The Ceremony of the Doge of Venice

The annual ceremony of the doge of venice on Ascension Day, involving the tossing of a ring into the Adriatic Sea

The stranger in Venice is yet shown the richly gilt galley, called Bucentaur, in which the Doge, from the year 1311, was accustomed to go out into the sea annually on Ascension Day, to throw a ring into the water, and thus to marry, as it were, the Adriatic, as a sign of the power of Venice over that sea. This ceremony does not go into remote antiquity, yet the origin of it is of considerable date. In the year 1177, when the Emperor Barbarossa went to humble himself before the Pope, who had taken refuge in Venice, the Pope, in testimony of the kindness he had there received, gave to the Doge a ring, and with it a right for the Venetians to call the Adriatic sea their own. He bade the Doge cast it into the sea, to wed it, as a man marries his wife; and he enjoined the citizens, by renewing this ceremony every year, to claim a dominion which they had won by their valor; for they had, with a small squadron, defeated a large fleet of the Emperor's and taken his son prisoner; and it was to regain his son that the Emperor submitted himself to the Pope.

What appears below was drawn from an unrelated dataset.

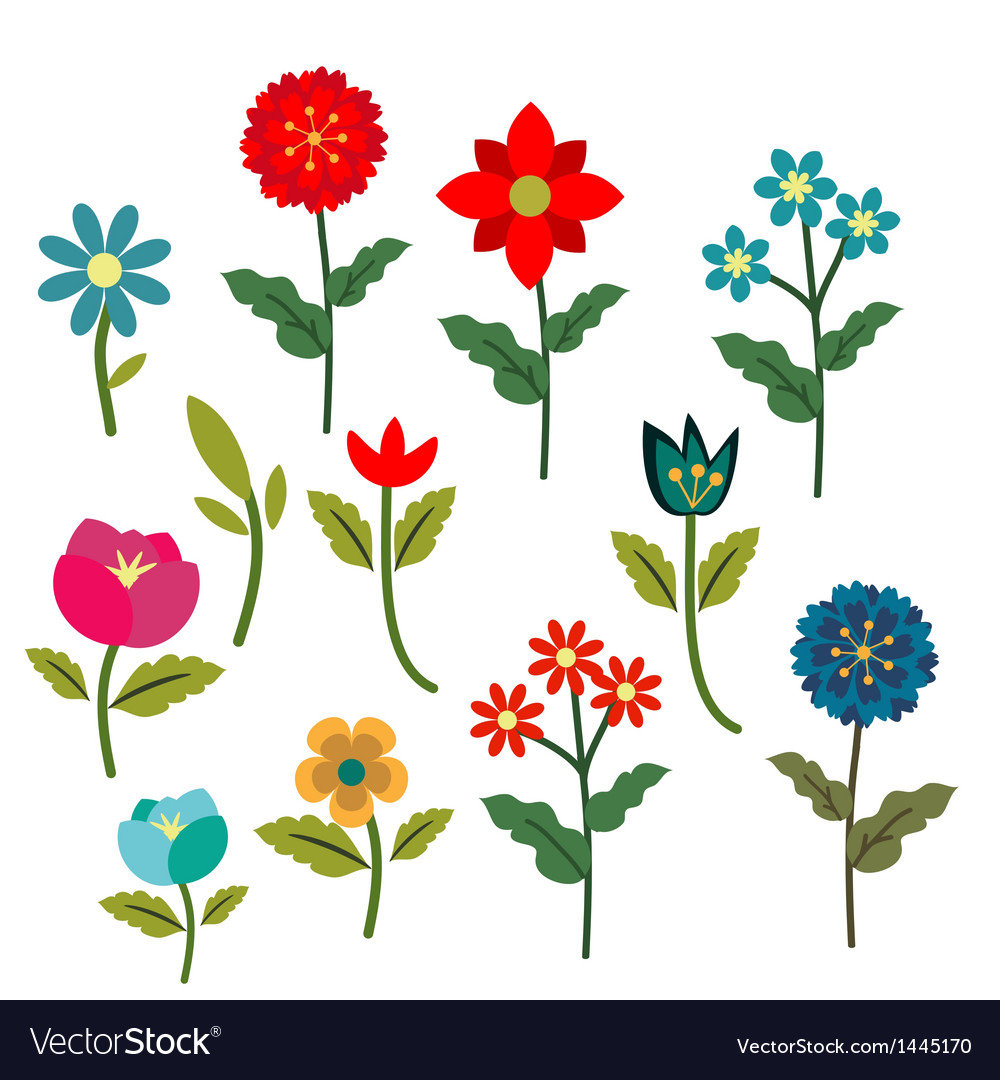 Flowers set Royalty Free Vector Image - VectorStock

The ceremony took place on Ascension Day. The Doge, the senators, foreign ambassadors and great numbers of the nobility, in their black robes, walked to the sea-side, where the magnificent vessel, the Bucentoro, was waiting to receive them. They then proceeded about two miles up the Laguna, and when arrived at a certain place, they all stopped. The Doge then rose from his chair of state, went to the side of the vessel and threw a gold ring into the sea, repeating the following words: "We espouse thee, O sea! as a token of our perpetual dominion over thee." At the close of this part of the ceremony, all the galleys fired their guns; and the music continued to play. On their voyage back, they stopped at a small island, where they went to church, and high mass was there celebrated. They then returned in the same order they at first set out.

This cry of perpetual dominion over the sea, puts us in mind of the story of Canute; and knowing the present prostrate and decaying condition of Venice, truly may we say: "How are the mighty fallen." One of our frigates would make the whole maritime power of Venice tremble like the ring as it went through the waters. This ceremony was intermitted in the year one thousand seven hundred and ninety-seven.